Has anyone thought of what a huge new island or wall in the middle of the ocean might do to the currents that sustain life through the rest of the world? The side effects of this cure would likely be worse than the current symptoms, even if you do believe in CAGW.

Mike McMillan
March 19, 2018 4:15 pm

Why just tinker with the problem? They should close the Drake Passage, reconnecting Chile and Antarctica, since that opening might have been what caused the Ice Ages. Or maybe open up Panama so we get circulation between the Atlantic and Pacific, since that closure might have caused the Ice Ages. And if one doesn’t work, try the other.

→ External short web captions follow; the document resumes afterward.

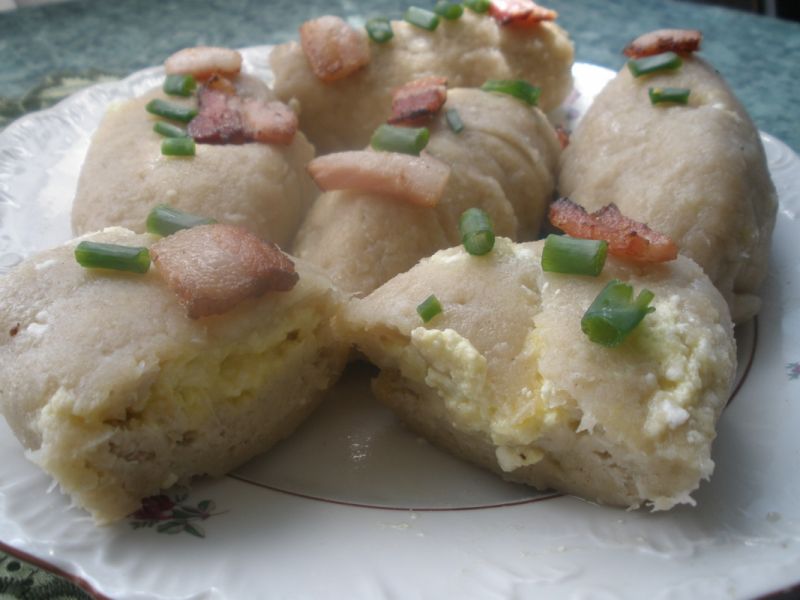 Gotowane i faszerowane kotlety ziemniaczane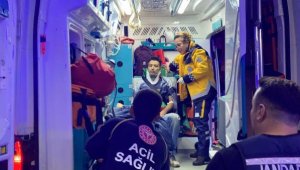 Nazilli'de otomobille minibüs çarpıştı: 9 yaralı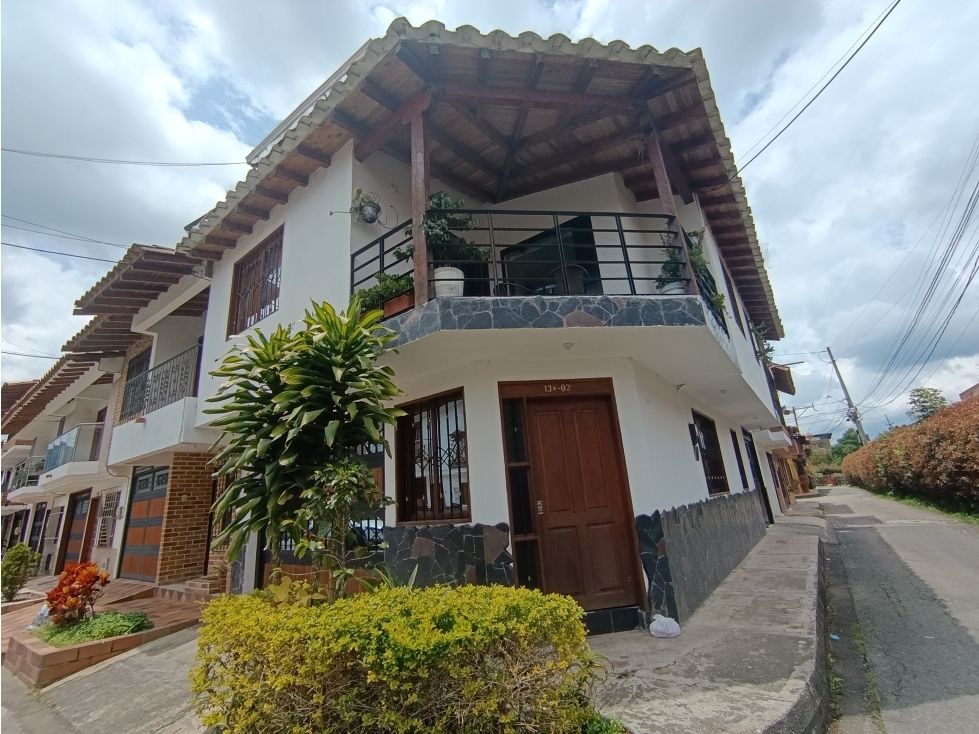 Apartaestudio en arriendo Antioquia La Ceja La Floresta 28 m2 Habitaciones 1 Baños 1 Garajes 0 Precio $1400000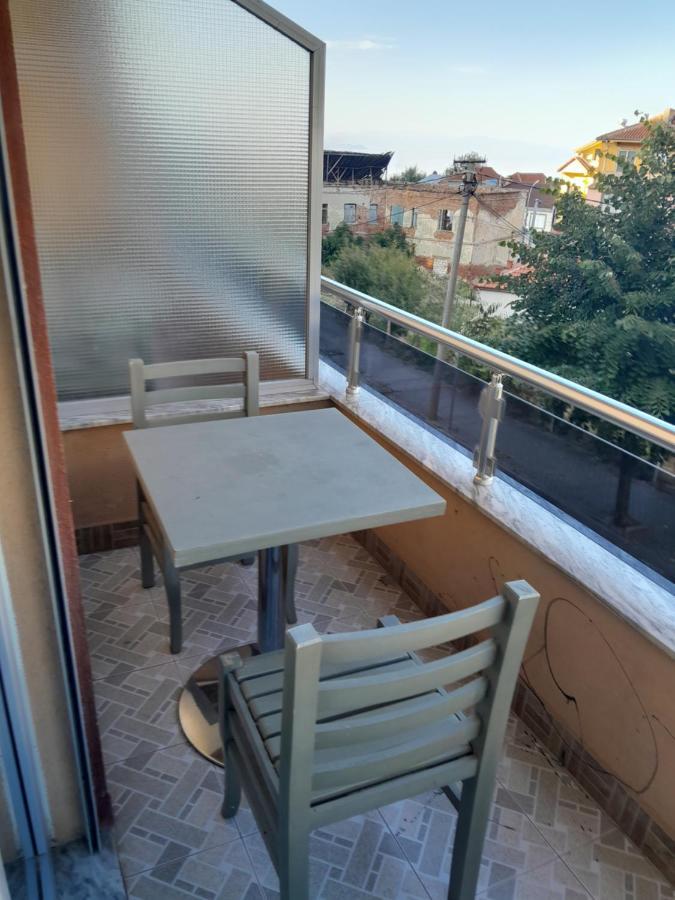 פוגרדץ Hotel Yjet מראה חיצוני תמונה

LOL@Klimate Katastrophe Kooks
March 19, 2018 6:34 pm

The hubristic arrogance of these Klimate Katastrophe Kooks is amazing… they actually believe the world should stay exactly as it is, and that people can’t simply take a step or two backward to get away from their purported sea level rise (nevermind that sea level rise has… erm, leveled out recently and actually fallen by 2.75 mm over the past two years… and should fall more as the expected cooling continues).
So they’re already making preparations for Paris Accord 2.0, which will cost much more than the 100 trillion US dollars of the first accord. I say the 1 billion US dollars the world is spending each and every day toward ‘preventing’ this fake climate ‘catastrophe’ would be much better spent elsewhere… like preparing the populace for a cooling world, given that it is cooling.
Of course, we all know where this is leading… they’ll eventually claim that since it’s not economically sustainable to do all their geoengineering to put the planet into permanent stasis, that humanity itself is not economically worthwhile, so we’ll just have to ‘sacrifice for the sake of the planet’ and submit to being culled.
To which I say, “You first. Lead by example.”
The world should be marching these morons to their doom shortly… any takers on how many people have to freeze to death before that starts happening?

RHS
March 20, 2018 7:43 am

This reminds me of an Aesop fable – Belling The Cat.
https://fablesofaesop.com/belling-the-cat.html
The moral of this story is, It is easy to propose impossible remedies.